- _The task_
Quote the lines below from the one containing "Load image into" to the final line, both ends included; exclude the pictures.

[Start of Attachment]

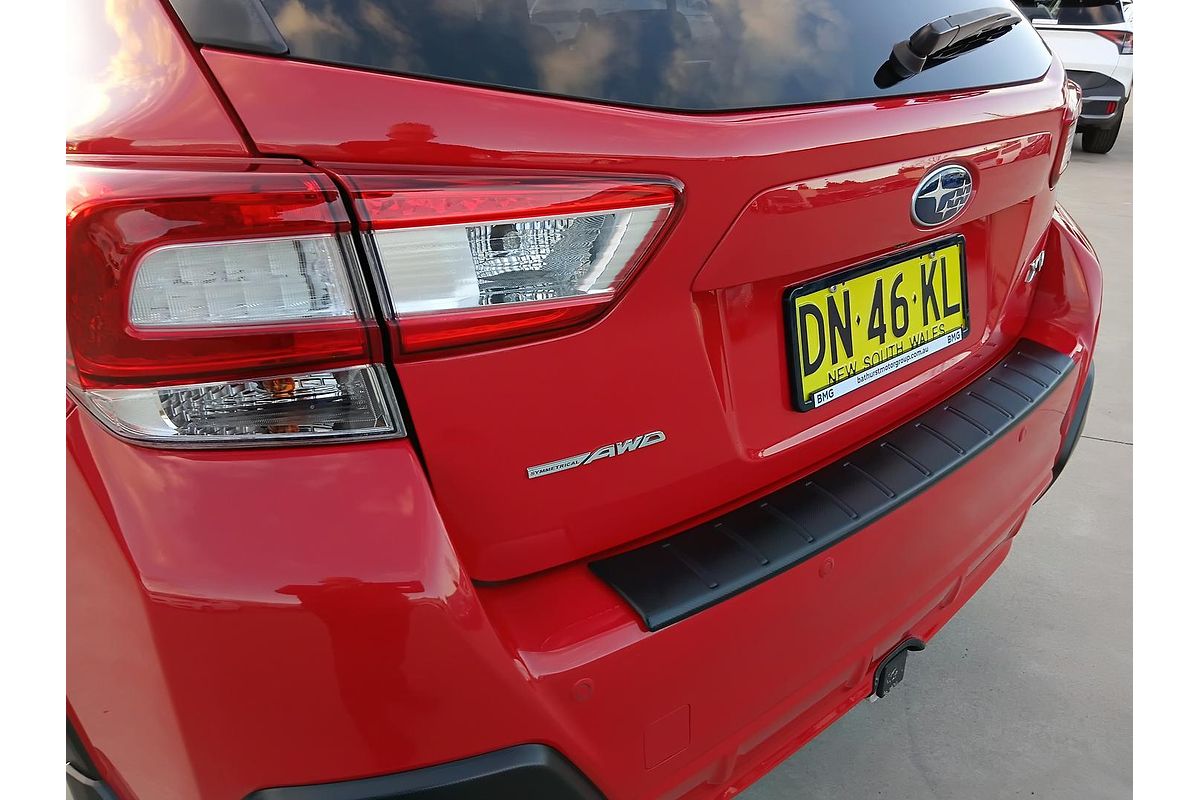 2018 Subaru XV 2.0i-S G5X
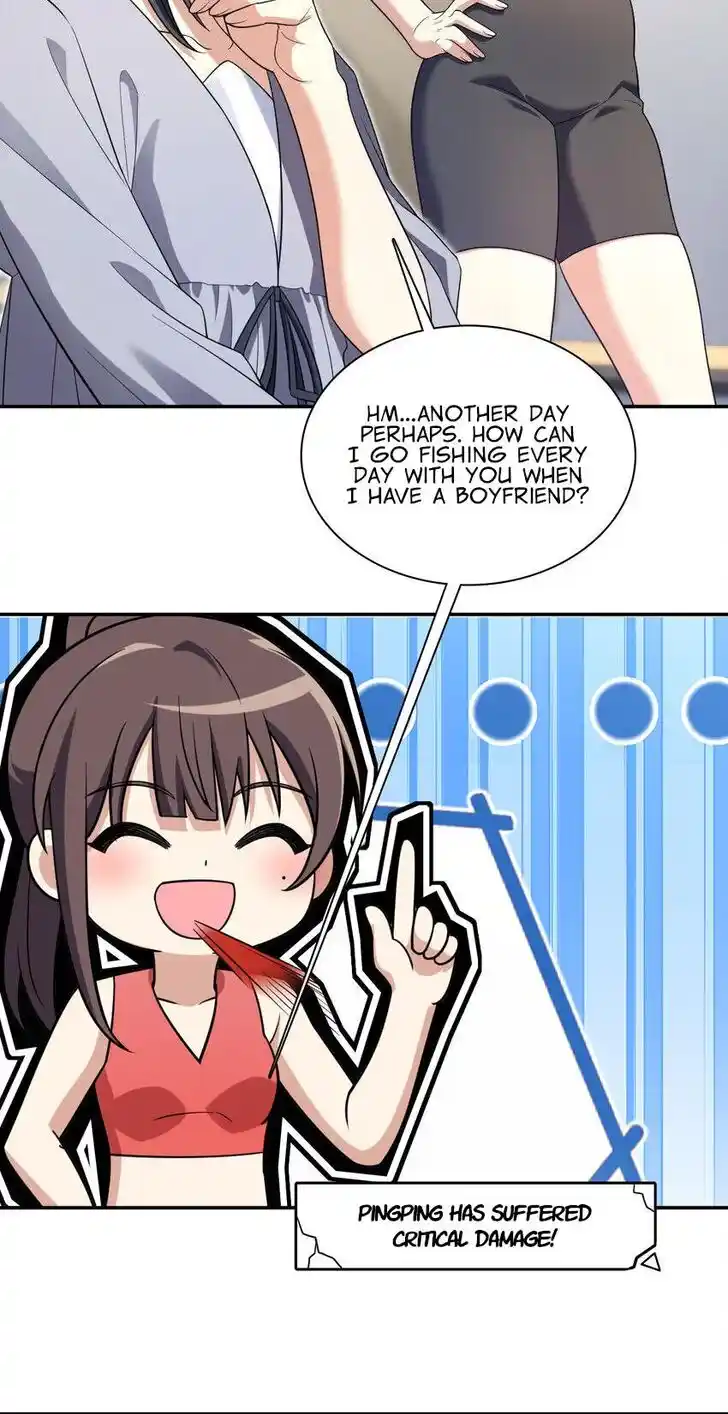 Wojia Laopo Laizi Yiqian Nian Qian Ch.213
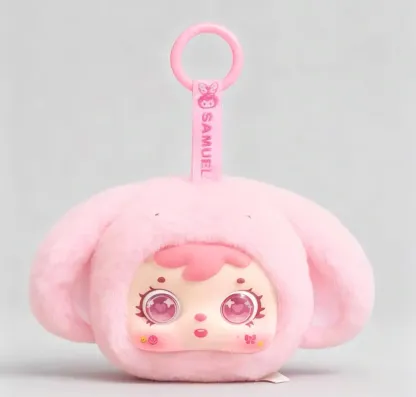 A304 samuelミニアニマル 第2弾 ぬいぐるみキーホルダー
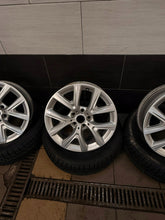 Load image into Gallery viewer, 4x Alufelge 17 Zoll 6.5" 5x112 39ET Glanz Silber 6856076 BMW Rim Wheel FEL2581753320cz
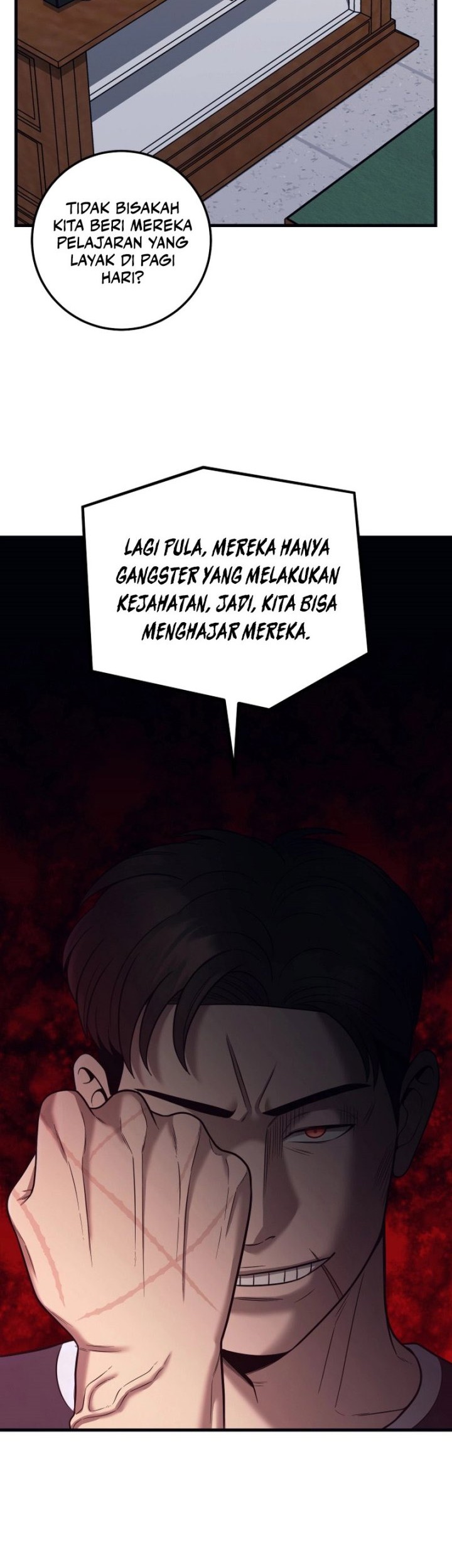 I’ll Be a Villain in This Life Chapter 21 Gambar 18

[End of Attachment]

- _Answer space_
 Load image into Gallery viewer, 4x Alufelge 17 Zoll 6.5" 5x112 39ET Glanz Silber 6856076 BMW Rim Wheel FEL2581753320cz
 I’ll Be a Villain in This Life Chapter 21 Gambar 18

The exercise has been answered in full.